Of course, the classes taught would have to be age-appropriate and I’m not talking about engaging 8- and 9-year olds in full-contact brawls. Even at that age, though, kids can certainly be taught general boxing techniques—speed, footwork and such—and start to use jump-ropes and punching bags. As they get older, students can learn the various types of punches—jabs, left hooks, straight rights—and how to defend against them. In high school, these training sessions would be coupled with controlled sparring against carefully matched opponents. Inter-school sparring sessions and tournaments on a local and even national level would add an exciting and fun component.

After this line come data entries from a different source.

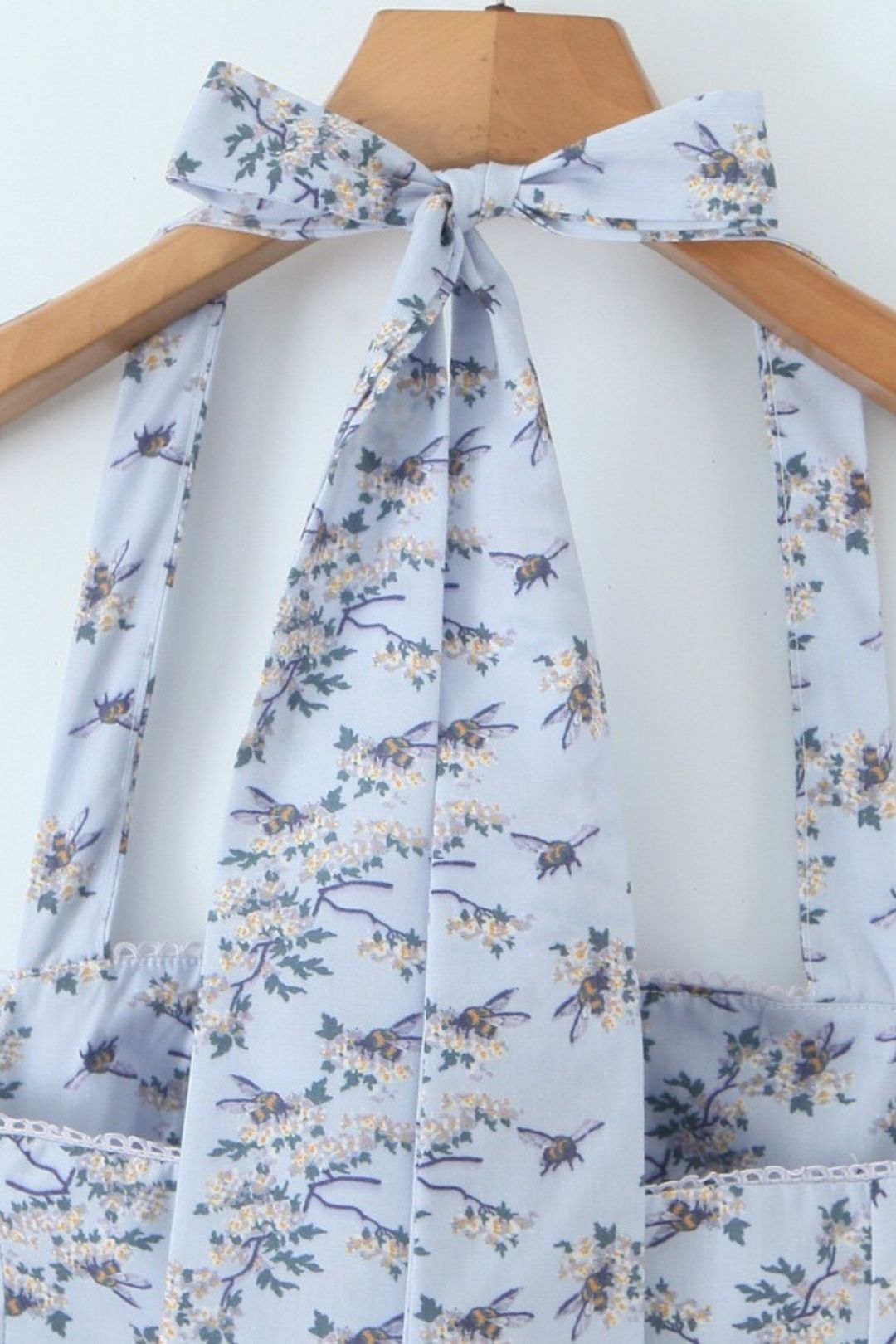 Elegant Sleeveless Suspender Midi Dress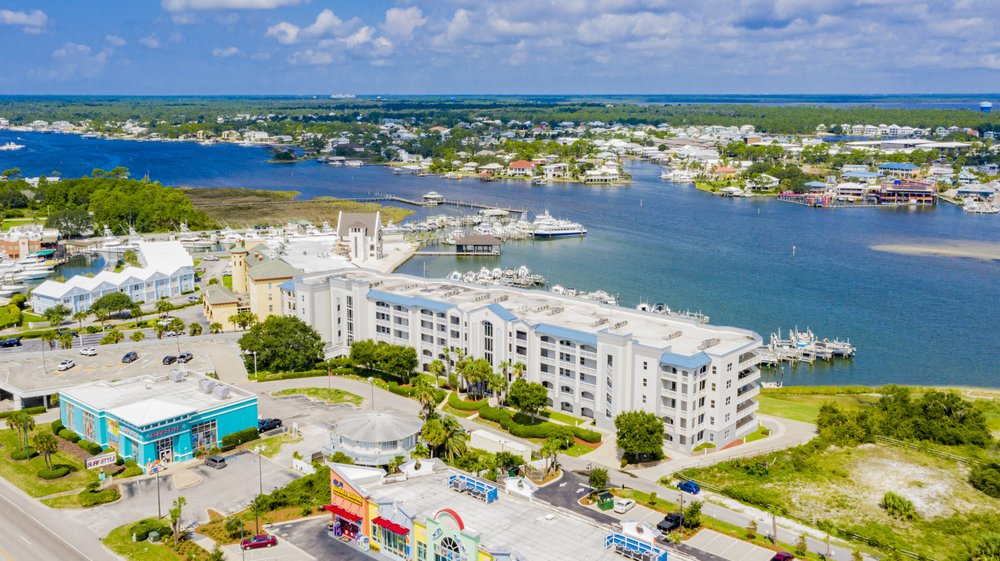 RE/MAX OF ORANGE BEACH DONNA FITTS 26021 Perdido Beach Blvd, Orange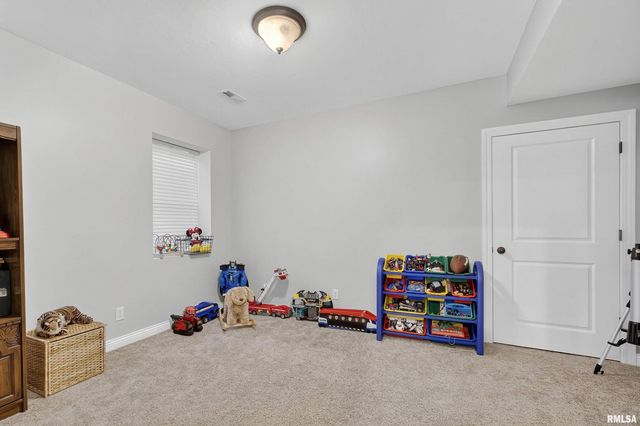 5316 Judge Road, Bettendorf, IA 52722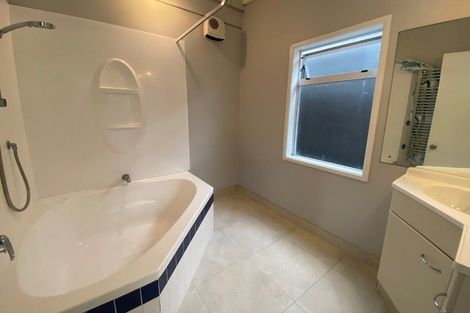 Photo of property in 25 Gilbert Street, New Plymouth, 4310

Needless to say, any suggestion to bring boxing into the school curriculum (particularly at the elementary age level) will be met with predictable opposition and outrage. Medical professionals will bring up the risk of injury, even though that’s a factor in any physical activity, and well-meaning parents will express outrage over the false belief that amateur boxing training will encourage aggressive and bullying behavior in students, when, ironically, the opposite is true. Children have a lot of inherent natural aggressiveness for which boxing training provides an outlet, while reducing bullying by teaching discipline and mutual respect.

By instilling a respect for boxing at a young age, we can cultivate an early appreciation for the intricacies of the sport, which would go a long way toward restoring the sweet science of pugilism to its former glory.